A victim of sector-wide course cuts
The decision at UTS is part of a broader pattern of course rationalisation across the higher education sector. Since 2017, the Commonwealth Department of Education has capped universities within a largely fixed Commonwealth Grant Scheme (CGS) envelope of $7–8 billion. With no additional growth funding for domestic enrolments, universities have been forced to consolidate programs and cut back on niche degrees, even when they serve vital national interests.
UTS has already attracted media attention this year for widespread program cuts affecting arts, social sciences, and international studies, as it responds to financial pressures. Staff and students have expressed concern that programs which foster global literacy and regional expertise are being treated as expendable.
Prince argued that while the NCP reforms are welcome, they remain “dwarfed” by structural funding constraints, saying,“DFAT’s modest intervention through the New Colombo Plan doesn’t stand a chance of overcoming the enormous countervailing forces of sector-wide course rationalisation.

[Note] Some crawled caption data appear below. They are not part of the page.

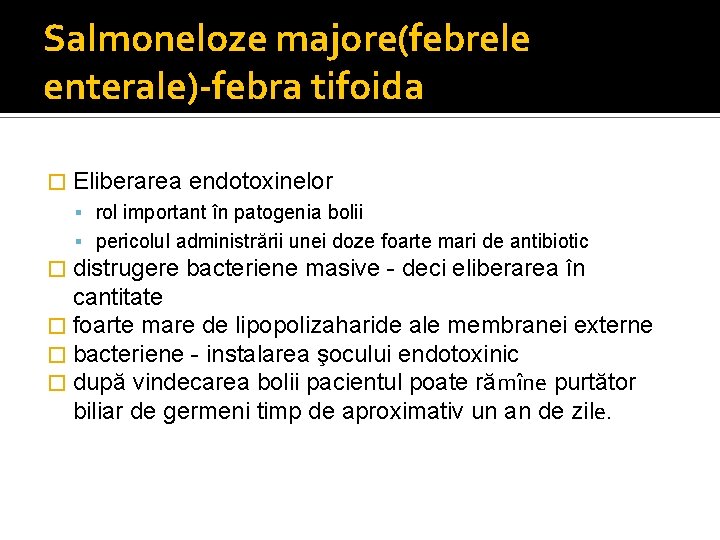 Salmoneloze majore(febrele enterale)-febra tifoida � Eliberarea endotoxinelor rol important în patogenia bolii pericolul administrării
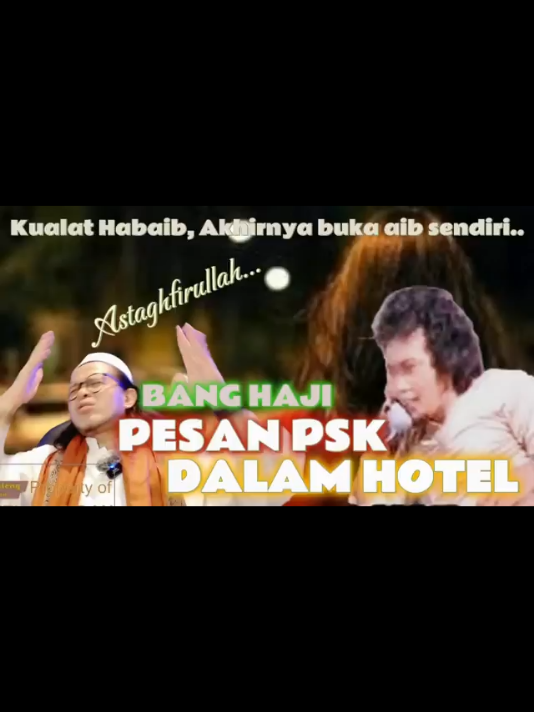 KUALAT HABIB!! ALLAH BONGKAR AIB BANG HAJI TEL*NGJANG DENGAN PSK DALAM HOTEL HONGKONG,, ASTAGA. #fypviraltiktok🖤シ゚☆♡ #promoseruweekend  #fyppppppppppppppppppppppp @semuapengikut 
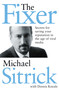 The Fixer (Secrets for Saving Your Reputation in the Age of Viral Media) by Michael S. Sitrick, 9781621572862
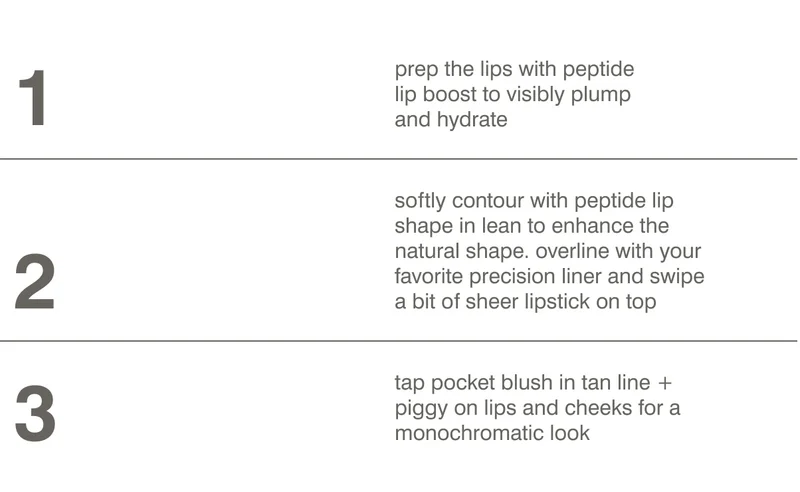 1. prep the lips with peptide lip boost to visibly plump and hydrate​. 2. softly contour with peptide lip shape in lean to enhance the natural shape​. overline with your favorite precision liner ​​and swipe a bit of sheer lipstick on top. 4. tap pocket blush in tan line + piggy on lips and cheeks for a monochromatic look.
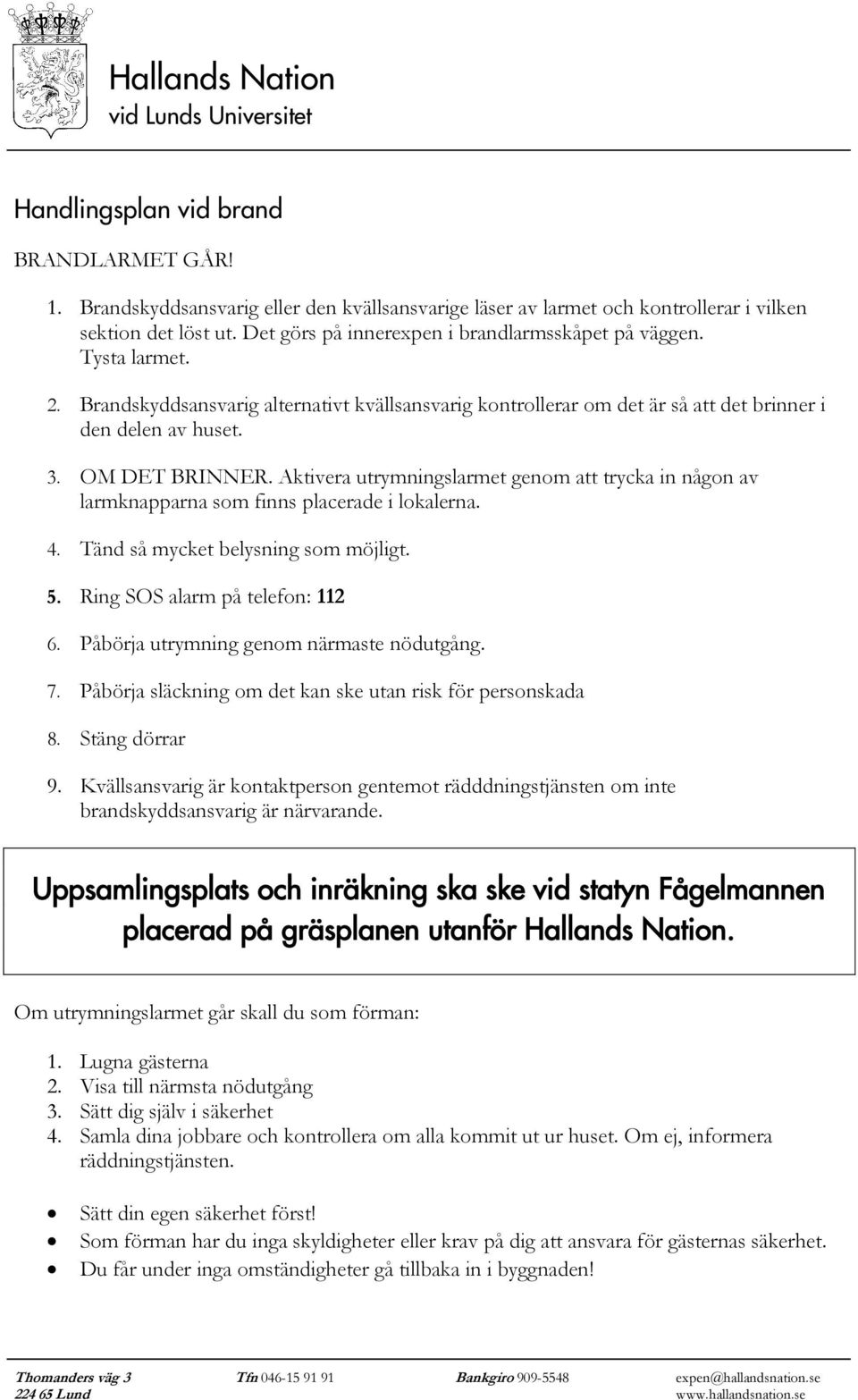 Aktivera utrymningslarmet genom att trycka in någon av larmknapparna som finns placerade i lokalerna. 4. Tänd så mycket belysning som möjligt. 5. Ring SOS alarm på telefon: 112 6.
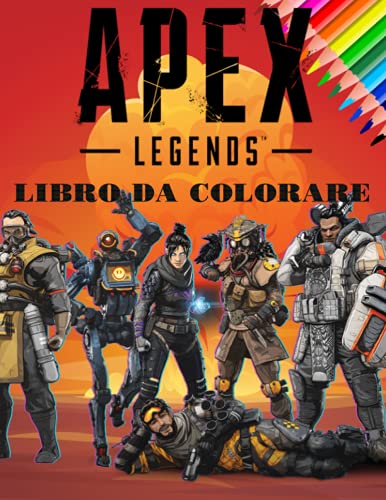 Apex Legends Libro de Colorear: Un divertido libro para colorear para niños con muchas imágenes adorables de Apex Legends. Excelente idea de regalo de cumpleaños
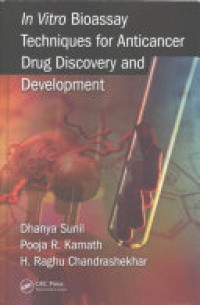 Dhanya Sunil, Pooja R Kamath, Raghu Chandrashekhar H - In Vitro Bioassay Techniques for Anticancer Drug Discovery and Development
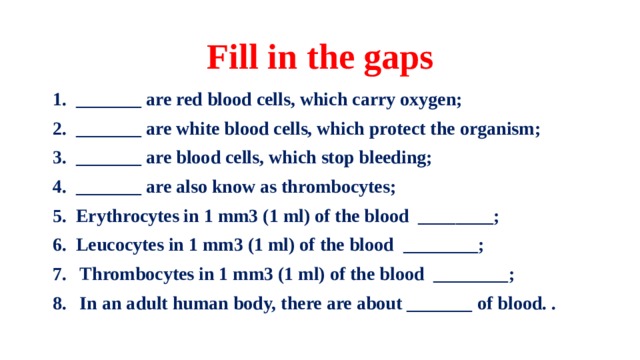 Fill in the gaps 1. _______ are red blood cells, which carry oxygen; 2. _______ are white blood cells, which protect the organism; 3. _______ are blood cells, which stop bleeding; 4. _______ are also know as thrombocytes; 5. Erythrocytes in 1 mm3 (1 ml) of the blood ________; 6. Leucocytes in 1 mm3 (1 ml) of the blood ________; Thrombocytes in 1 mm3 (1 ml) of the blood ________; In an adult human body, there are about _______  of blood. .  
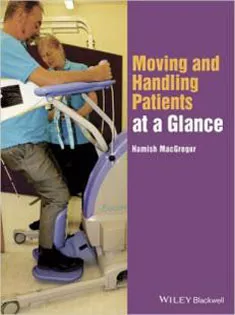 9781118853436 Moving and Handling Patients at A Glance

Unless and until the Australian Government lifts its financial contribution to higher education beyond the existing $8.4 billion envelope, programs like UTS’ International Studies degree will keep disappearing.”
He warned that the government’s ambition to expand long-term Indo-Pacific study will be impossible to meet if universities continue dismantling the very pathways that support it.
“We should be establishing more courses with curriculum-embedded pathways to a semester in the Indo-Pacific, not disestablishing one of the few remaining ones we have,” he says.
Acicis, which has facilitated in-country study and internships in Indonesia for more than 5,000 students since 1995, says the sector needs a coordinated policy response that treats Asia capability as a national priority.
So, while it may simply be seen as a course cut or rationalisation, the impact of this particlar cut is far-reaching.